Imagine my anxiety when I learned that a Christian evangelism group was recruiting young souls in our public schools. Thanks to a 2001 Supreme Court ruling, the Good News Club is allowed to operate after-school Bible study classes on tax-supported campuses in order to carry out its self-stated mission of reaching "unchurched kids" and "establishing them in Bible-believing churches." The club operates at more than 3,500 public schools across America, including 10 in Santa Barbara.

I first learned of them in 2009 when my journalist friend Katherine Stewart noticed the club at her child's school and wrote a cover story for The Santa Barbara Independent about the infighting its presence caused among students, parents, and school administrators. "I started getting email from parents across the country saying, 'This came to our community, and it blew us apart,'" she told me.

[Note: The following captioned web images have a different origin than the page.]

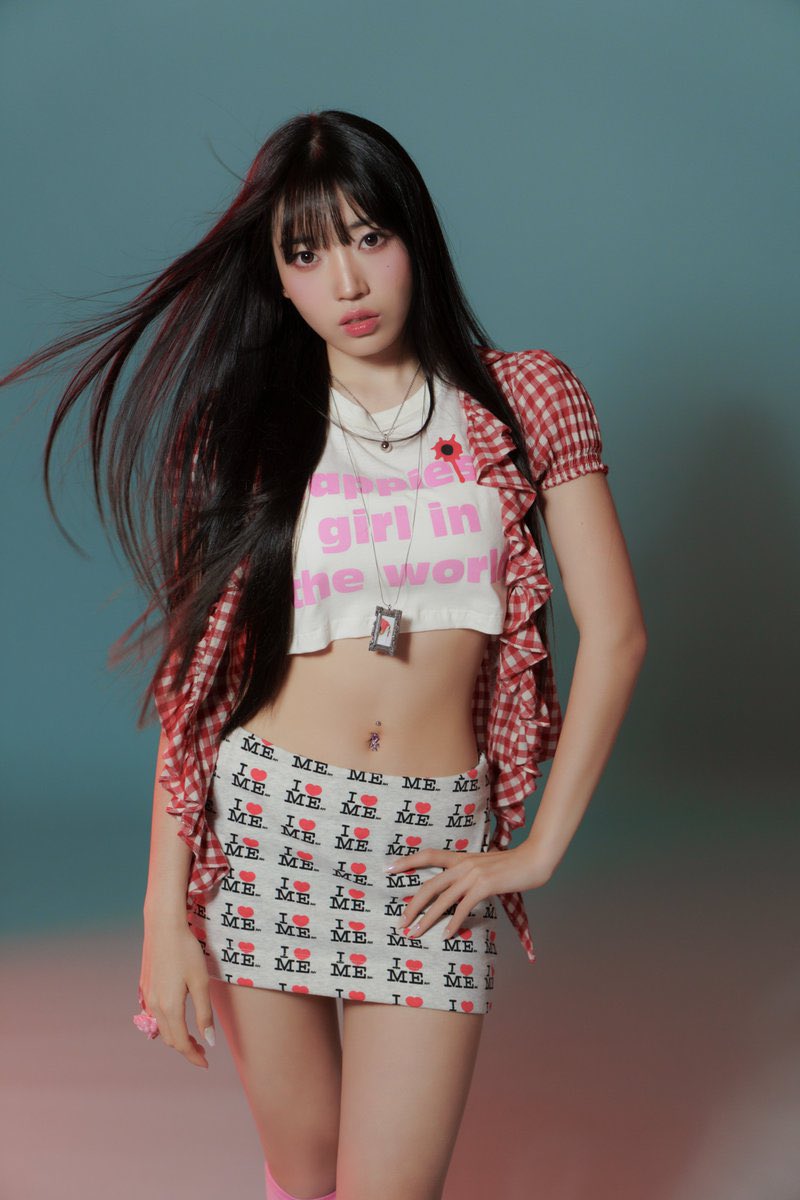 GwjfY8oWYAAIsAv?format=jpg&name=medium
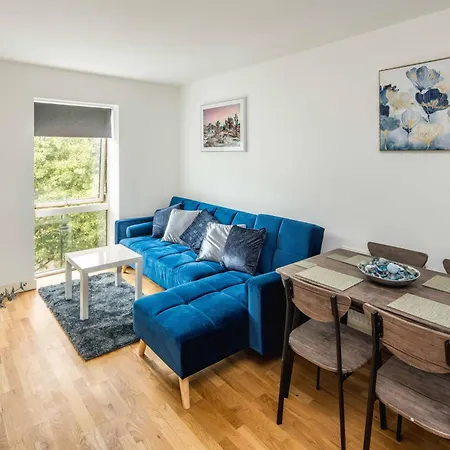 One Bedroom Near With Private Balcony Apartment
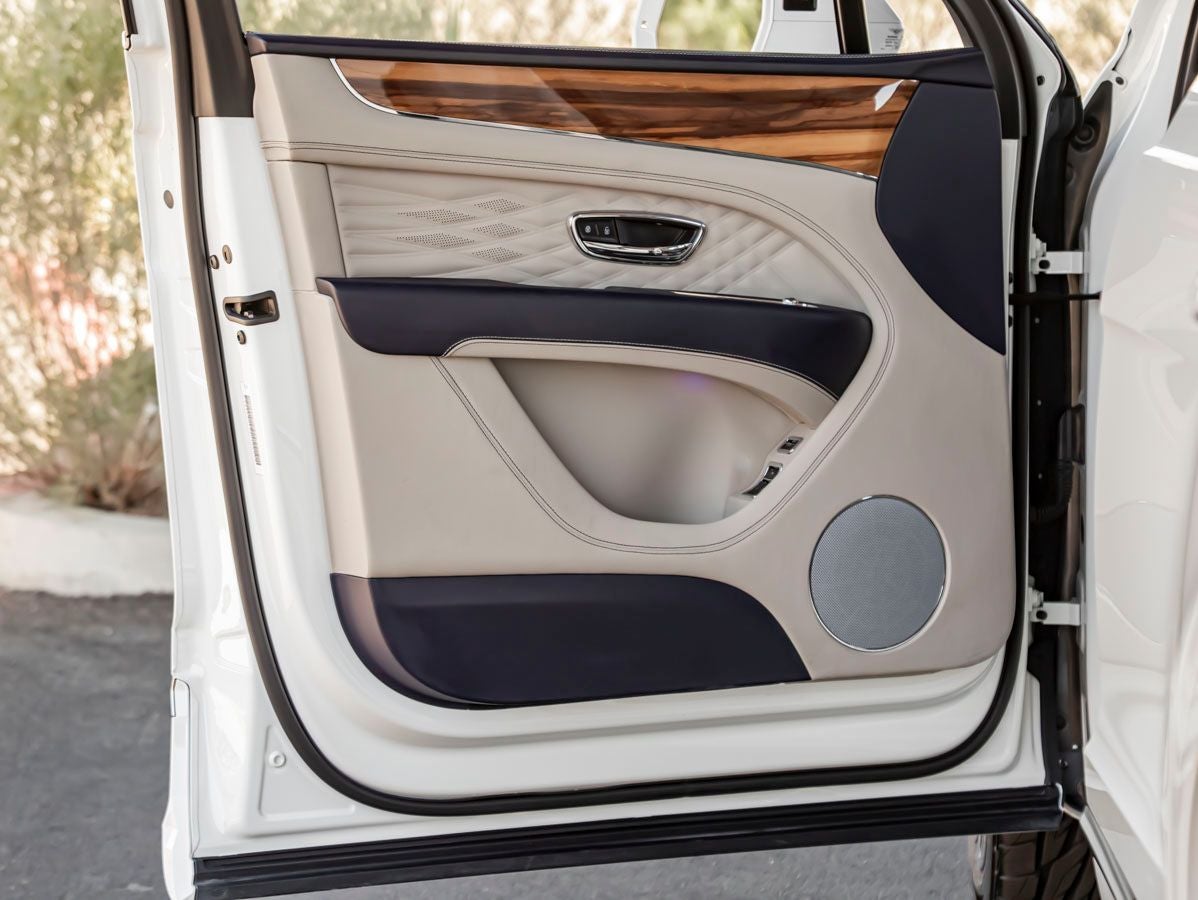 2024 Bentley Bentayga Azure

Inspired to dig deeper, Stewart sat in on the club's instructor training, interviewed kids who've been encouraged to proselytize to their friends at school, and attended a conference where members of the Good News Club and its governing organization, the Child Evangelism Fellowship (CEF), vowed to "reclaim" public schools for Christ.

"This is pretty extreme stuff," says Stewart, who'll read from her new book, The Good News Club: The Christian Right's Stealth Assault on America's Children, Saturday, March 10, from 5-7 p.m. at Tecolote Book Shop (1470 E. Valley Rd.; [805] 969-4977)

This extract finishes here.